**WHAT IS NEEDED**
Write out the entries below exactly, but only from the line containing "Count down number 52% illustration." through the line containing "lot 87 image: Angol", and without the pictures.

**INFORMATION**
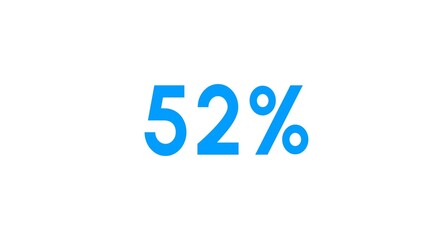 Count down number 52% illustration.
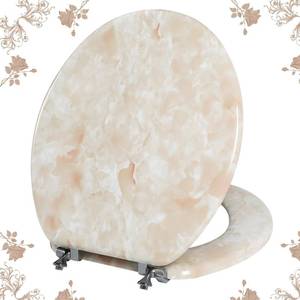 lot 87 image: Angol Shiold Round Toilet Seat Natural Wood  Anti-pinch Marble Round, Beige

--

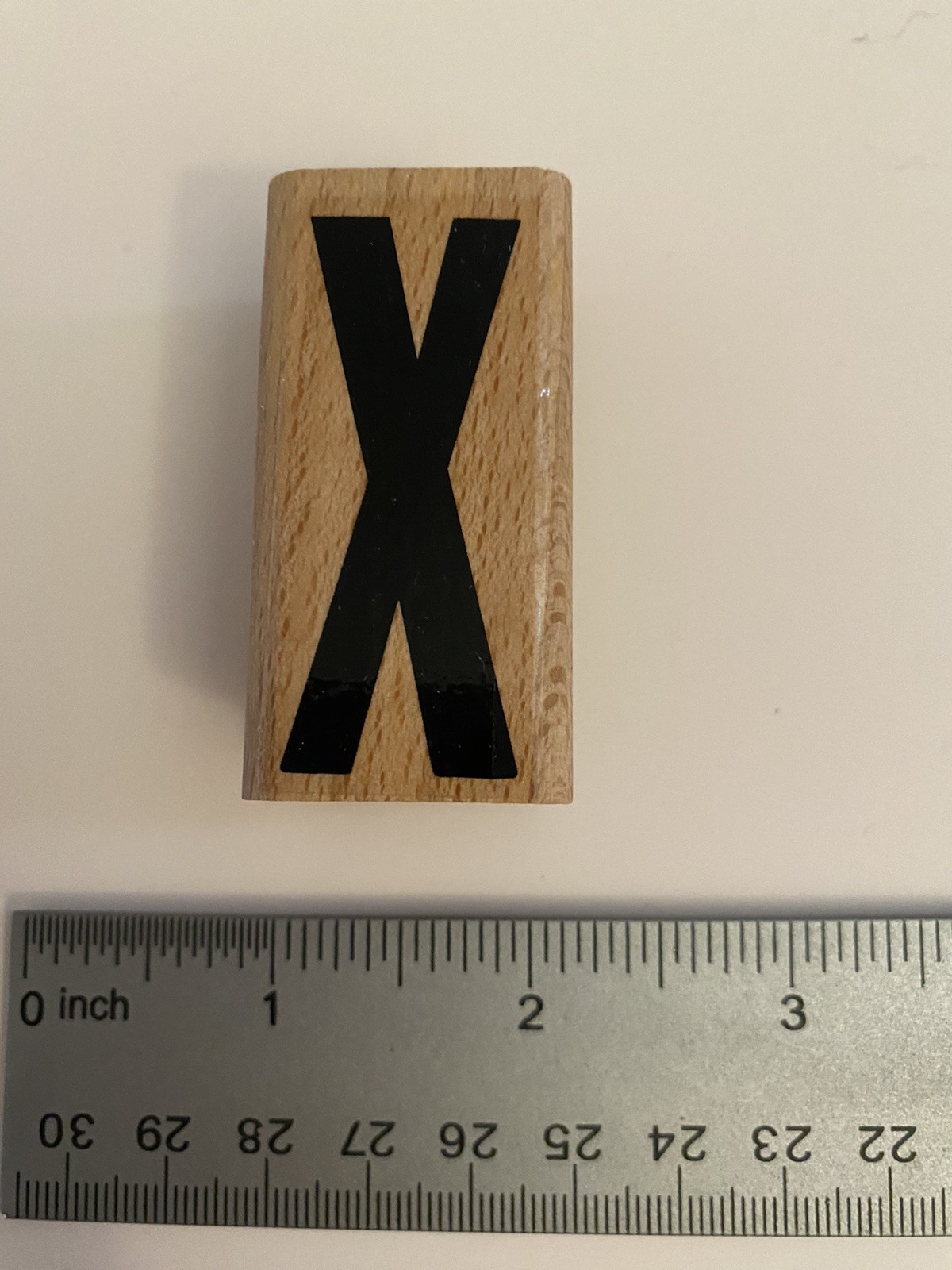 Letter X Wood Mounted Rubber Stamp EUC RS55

**EXERCISE SOLUTION**
 Count down number 52% illustration.
 lot 87 image: Angol Shiold Round Toilet Seat Natural Wood  Anti-pinch Marble Round, Beige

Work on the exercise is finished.